So far, this has meant largely white and definitely straight characters in GAC Family programming, raising the important questions: What does it mean to be family friendly? And how are the creators of Christmas and holiday movies working to expand our understanding of family?

Controversy surrounding the GAC Family network was rooted in its origin. In 2019, wedding website Zola.com purchased several commercial spots during the popular Hallmark Channel holiday movie season. The ads featured same-sex couples. However, despite running ads like these on Hallmark since 2017, the 2019 ads were the first to come under fire.

One Million Moms, an advocacy group with possibly only one member, published a highly publicized petition against the commercials. Just 10 days after the new ads began airing, Zola received an email from the Hallmark Channel network saying four of the six spots would be taken off the air due to a violation of the company’s policy on airing “controversial” ads. Later, according to a report from Fast Company, One Million Moms claimed they had spoken with then Crown Media CEO Abbott, who reportedly told the organization that the advertisements had aired in error.
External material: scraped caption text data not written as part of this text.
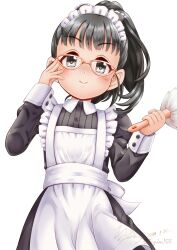 Rule 34 | 1girl, apron, black bow, black dress, blush, bow, brown-framed eyewear, closed mouth, collared dress, commentary request, dated, dress, duster, frilled apron, frills, fukuyama mai, glasses, grey eyes, grey hair, hair bow, high ponytail, highres, holding, holding duster, idolmaster, idolmaster cinderella girls, idolmaster cinderella girls starlight stage, juliet sleeves, long sleeves, looking at viewer, maid, maid apron, maid headdress, ponytail, puffy sleeves, regular mow, signature, simple background, smile, solo, twitter username, white apron, white background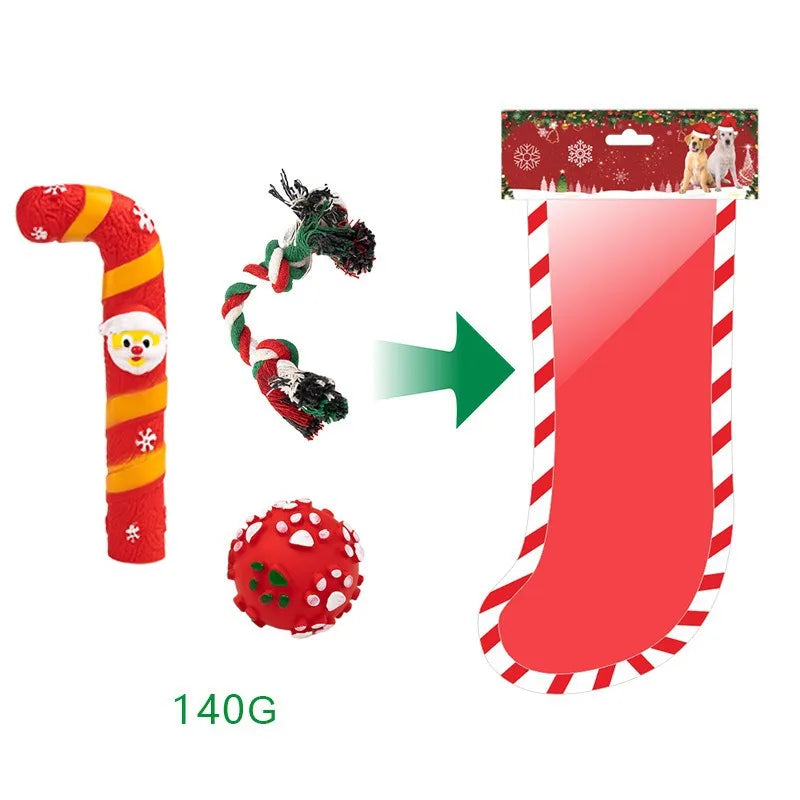 Christmas Pet Dog Toys Sound Elk Dog Bite Resistant Set Deer Crutches Bite Resistant Dog Christmas Gift Box Limited Edition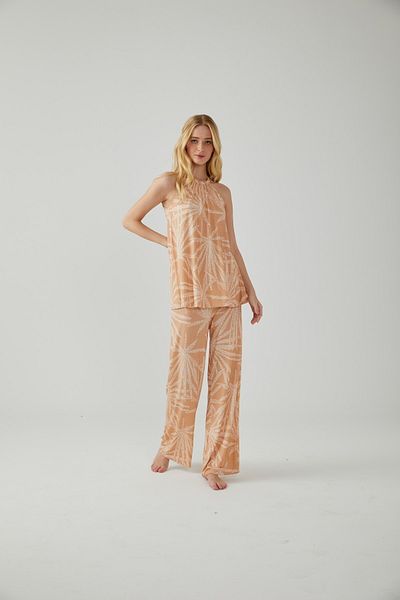 Pamuk & Pamuk Leaf Patterned Powder Raglan Sleeve Trousers Set
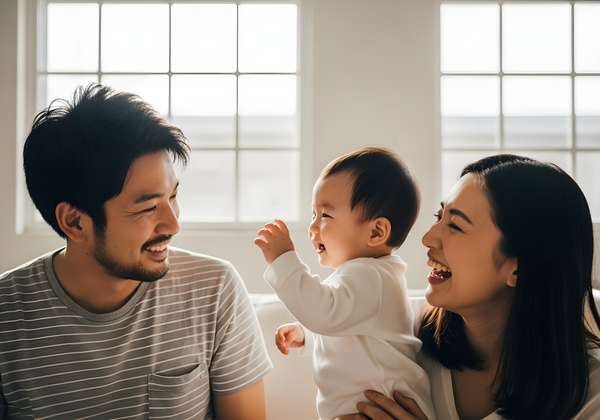 リビングで赤ちゃんと笑い合う幸せな家族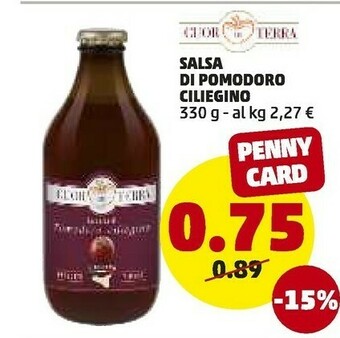 PENNY Cuor di terra Salsa Di Pomodoro Ciliegino 330 G(ml) offerta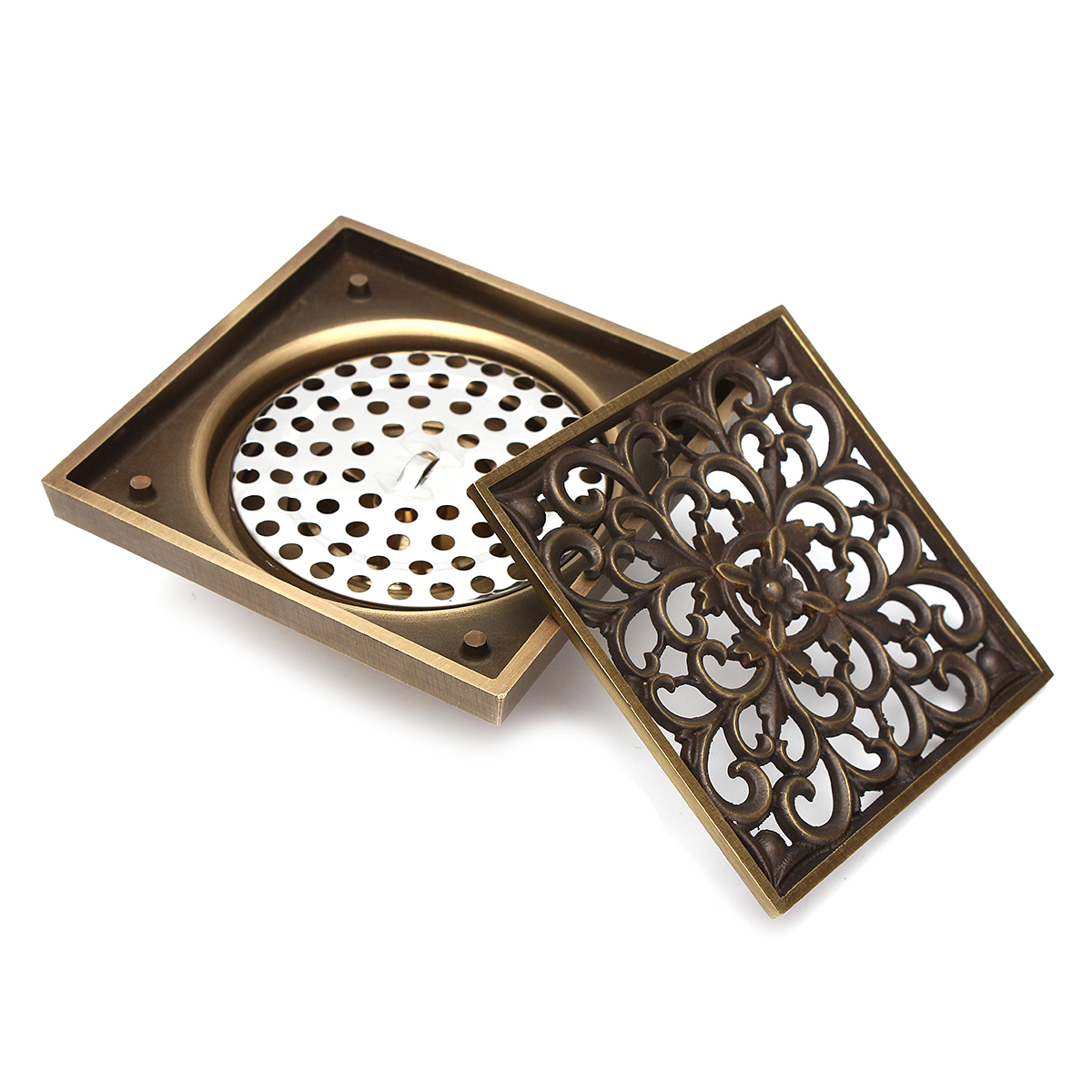 Antique-Brass-Square-Floor-Drain-for-Bathroom-Kitchen-w-Strainer-Grate-10X10X45cm-1139146-6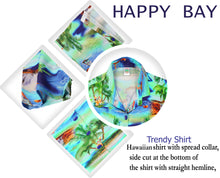 Load image into Gallery viewer, La Leela Women&#39;s Palm Tree Relaxed Fit Hawaiian Aloha Tropical Beach  Short Sleeve Blouse Printed Shirt Blue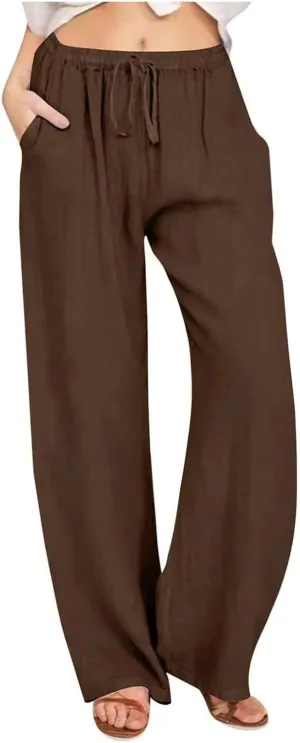 Linen Pants Women Summer Drawstring High Waist Pants Loose Cotton Linen Wide Leg Palazzo Pant Casual Beach Trousers
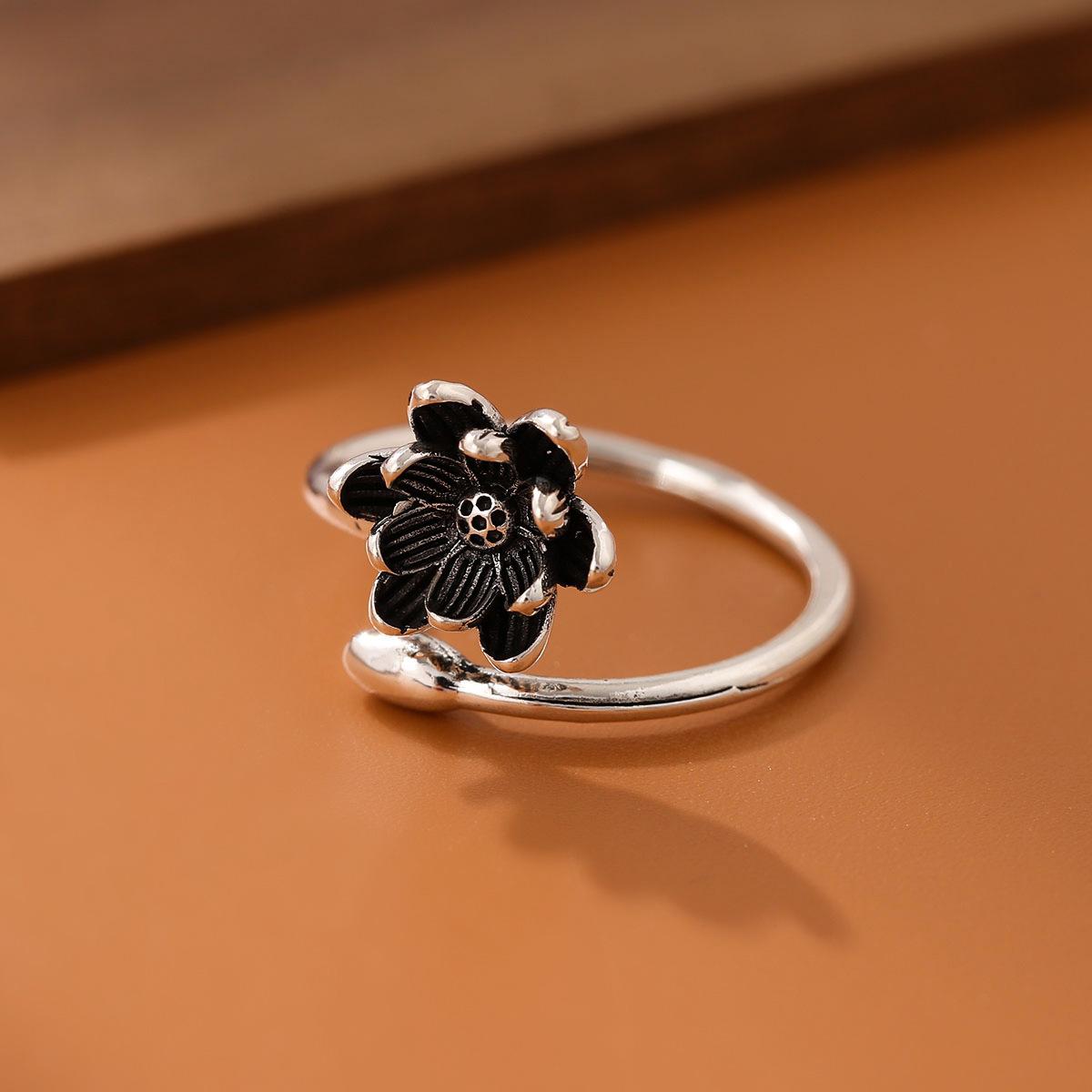 New Retro Lotus Simple Ethnic 925 Sterling Silver Jewelry Temperament Flower Lotus Opening Rings    R107 серебряный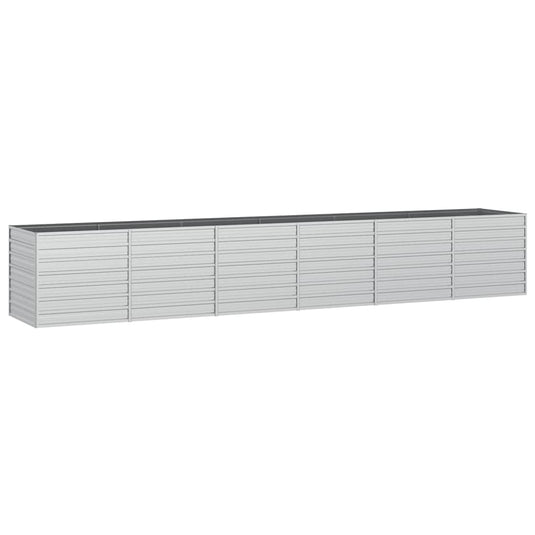 Vidaxl plantenbak verhoogd 480x80x77 cm gegalvaniseerd staal zilver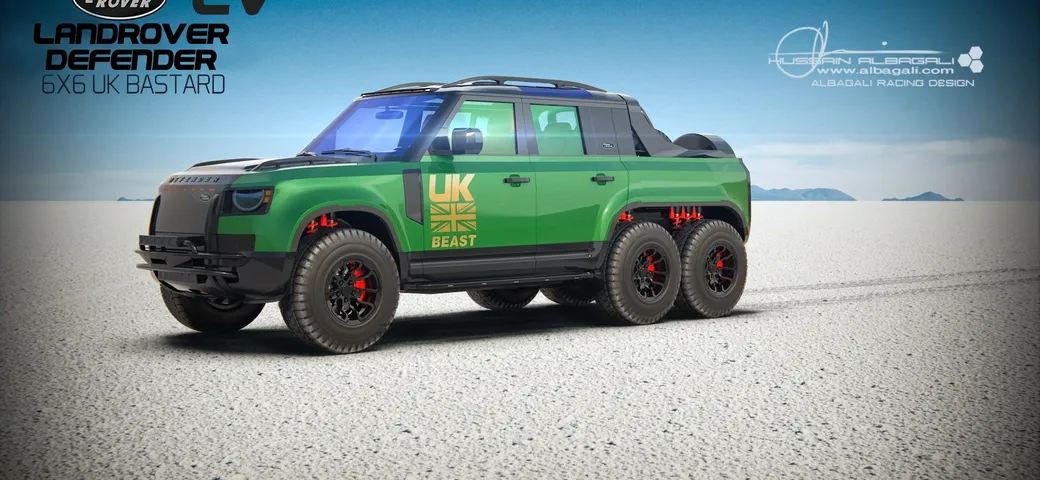 Land Rover Defender 6x6 UK Bastard: un rendering elettrico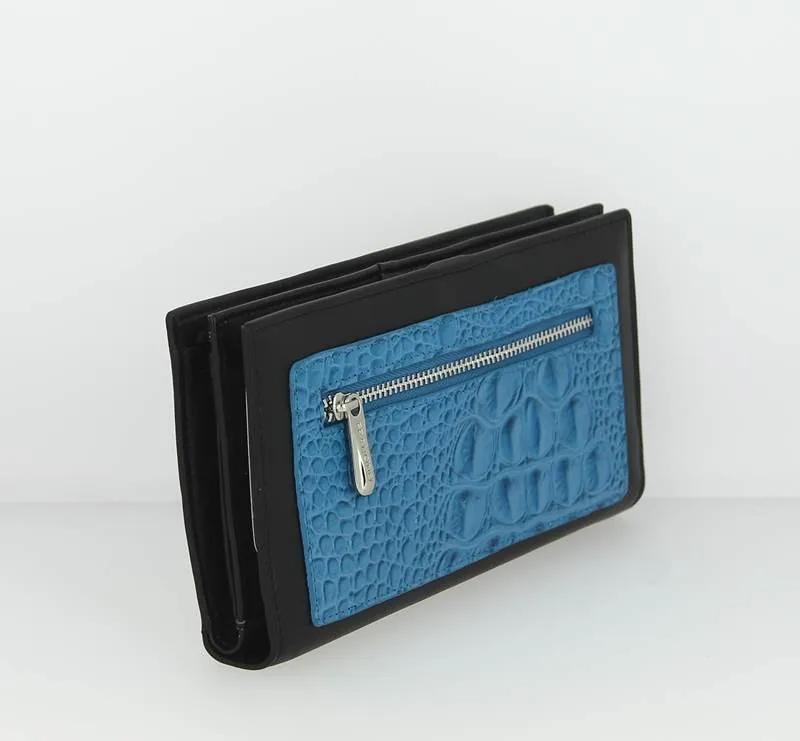 Grand portefeuille FRANCINEL Croco-Bleu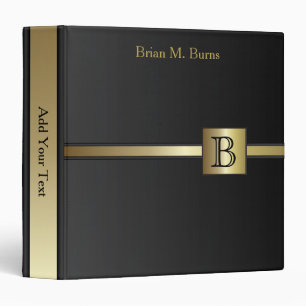 Executive Monogram Design - Classic Black Binder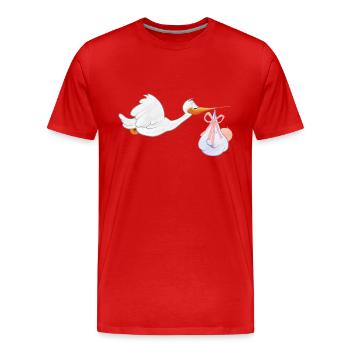 Storch mit Baby - Männer Premium Bio T-Shirt - Rot - Vorne - Damien (186cm)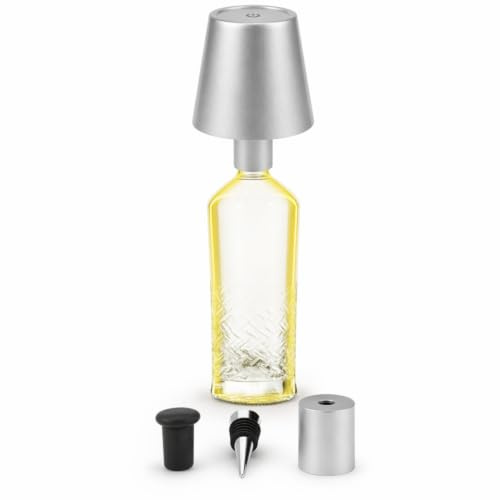 AddLiving LED Flaschenlampe | Akku-Lampe mit Touch-Funktion | Nachttischlampe dimmbar | Lampenschirm | 3 Lichtfarben | 56 LEDs | Wetterfest IP44 | Bottle Light | Inkl. 3 Flaschenaufsätze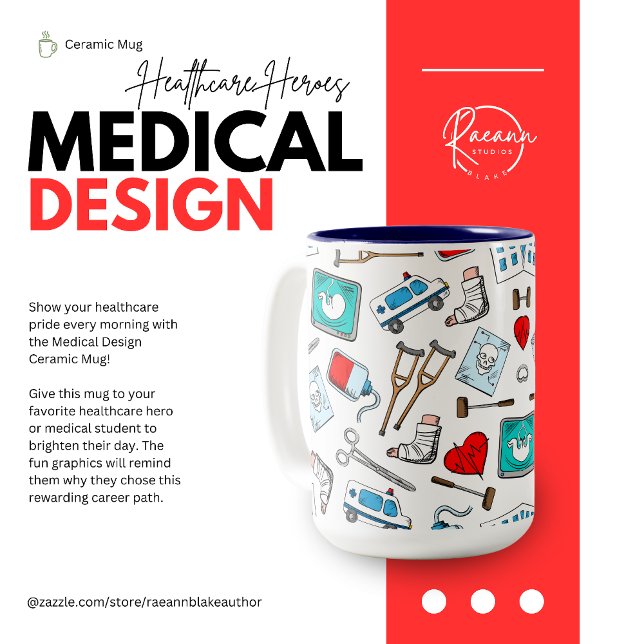 Caneca De Café Em Dois Tons Design de Medicina (Criador carregado)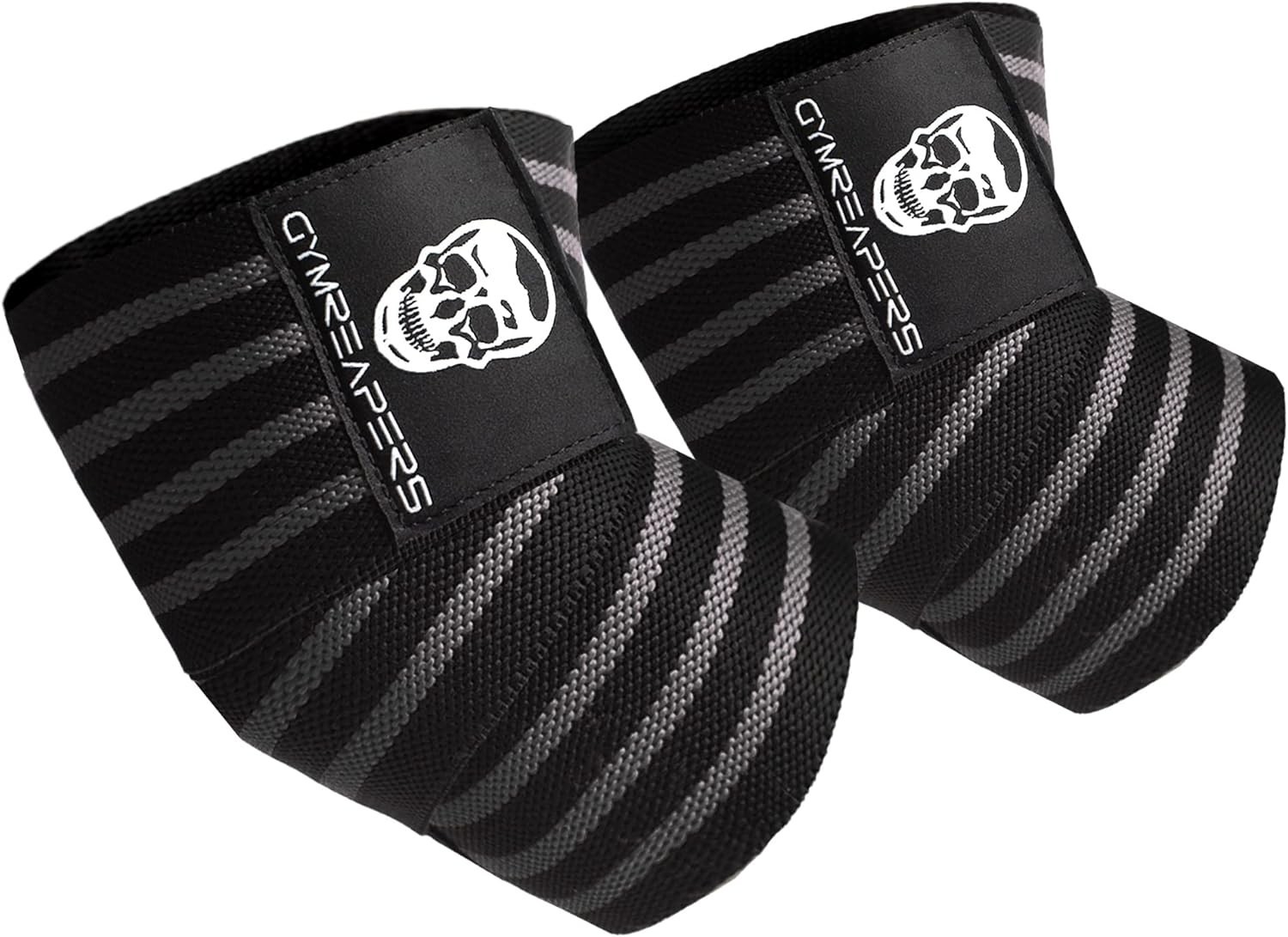Weightlifting Elbow Wraps (1 Pair) - Flexible 40'' Gray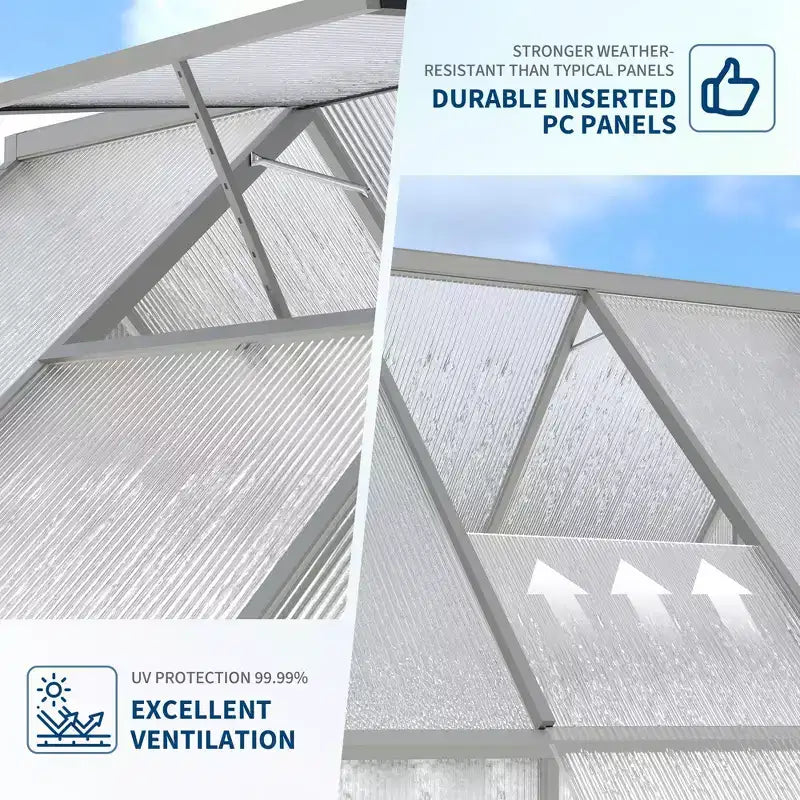 8'X16' Aluminum-Framed Polycarbonate Greenhouse, Heavy Duty Greenhouse with Quick Setup Structure and Roof Vent, Enhanced Aluminum Greenhouses Kit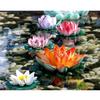 Diamond Embroidery Flowers Lotus Full Round Diamond Mosaic Cross Stitch Diamond Painting Rhinestones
The backlash was swift, from social media users to celebrities to Saturday Night Live. Shortly after, Hallmark reversed its decision and issued an apology. And by early 2020, Abbott had stepped down as CEO, emerging this year with GAC Media’s clear, “family-friendly” programming strategy.

But if family is what you make of it, then so, too, should be our understanding of what makes something family friendly.

Despite the new competition, networks like Lifetime and Hallmark have leaned into more expansive content for viewers. For the Lifetime network, championing diverse and complex representations of family has always been at the forefront of its seasonal “It’s a Wonderful Lifetime” programming.

“Lifetime is a leader in diversity during the holiday season, 100 percent,” the network’s head of programming, Amy Winter, says. Last year, the network released The Christmas Setup, its first Christmas movie featuring two gay cis male romantic leads. “We want everybody to feel like they are welcomed and included, and see themselves in the movies that we offer. Each year, we look to try to expand on that,” Winter says. This year, in addition to numerous films featuring lead actors of various races, the network will premiere its latest LGBTQ-friendly film, Under the Christmas Tree, which features a lesbian romance.

Thankfully, Hallmark is not too far behind. The network debuted its first Christmas movie in 2002, and since then, the network has set the tone for the current-day films. Much like Kleenex or Band-Aid before it, a Hallmark movie is symbolic of a specific type of narrative invented by the brand: one that is warm, bright, nostalgic, and romantic.

But the films’ popularity is not just about the formula; it’s about what the formula represents: togetherness. Deliberately crafting films that are exclusionary goes against the very notion of what makes the films so popular in the first place.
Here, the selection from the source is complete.